Twice a year the WCIRB advises the insurance commissioner on how costs are developing within California’s workers’ comp system and the commissioner then advises insurers whether they should raise, lower or maintain rates.

Sektnan blamed the way rates are presently calculated on former California Insurance Commissioner Steve Poizner.

“Unfortunately, the previous insurance commissioner allowed the pure premium advisory rate process to be politicized and he refused to take action on the increasing cost trends in the system in order to preserve his own political profile while seeking higher office,” Sektnan said. “This inability to make a decision distorted the process and gave businesses and the public misinformation about workers compensation rates.”

He added, “You had a complete disconnect.”

Previously, the WCIRB recommended rates benchmarked to the approved pure premium rates.

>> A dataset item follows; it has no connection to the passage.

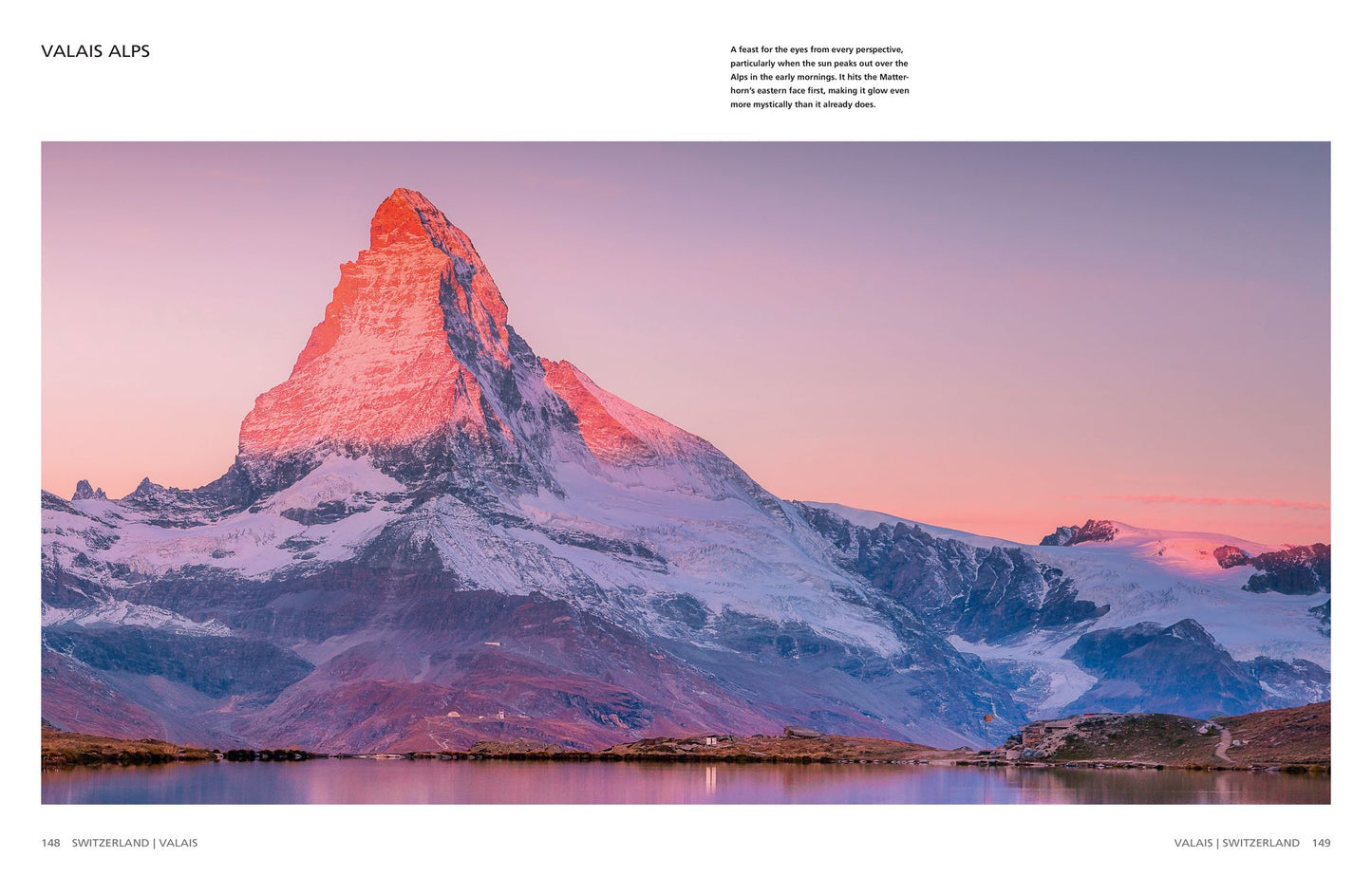 The Wild Alps: Unique National Parks, Nature Reserves, and Biosphere Reserves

Jones has directed the WCIRB to instead compare the Jan. 1, 2012 rates against the average insurer-filed pure premium rate.

Under the new method, the average pure premium rates proposed in the filing discussed in Tuesday’s hearing is $2.33 per $100 of payroll, 1.8 percent less than the pure premium rates filed in July 2011.

“Before the workers compensation reforms were enacted in 2003 and 2004, employers were paying $6.29 per $100 of payroll. As of July 2011, employers are paying an average of $2.27 per $100 of payroll,” said Sektnan. “It is vital during this rocky economy that employers get a realistic projection of what their costs will be to protect their employees from work place injuries.”

Next, Jones will ask the WCIRB for additional input, which will likely occur next week. Then between now and Nov. 1, Jones will make a determination for what he believes the pure premium advisory rate should be. Those rates will take effect for Jan. 1, 2012 renewals.

“By truing up the system we’ve now created a credible base number to start from,” Sektnan said, adding that when the rating bureau conducts its next filing and decides on a percentage decrease or increase, it will mean something. “The benchmark will actually have value.”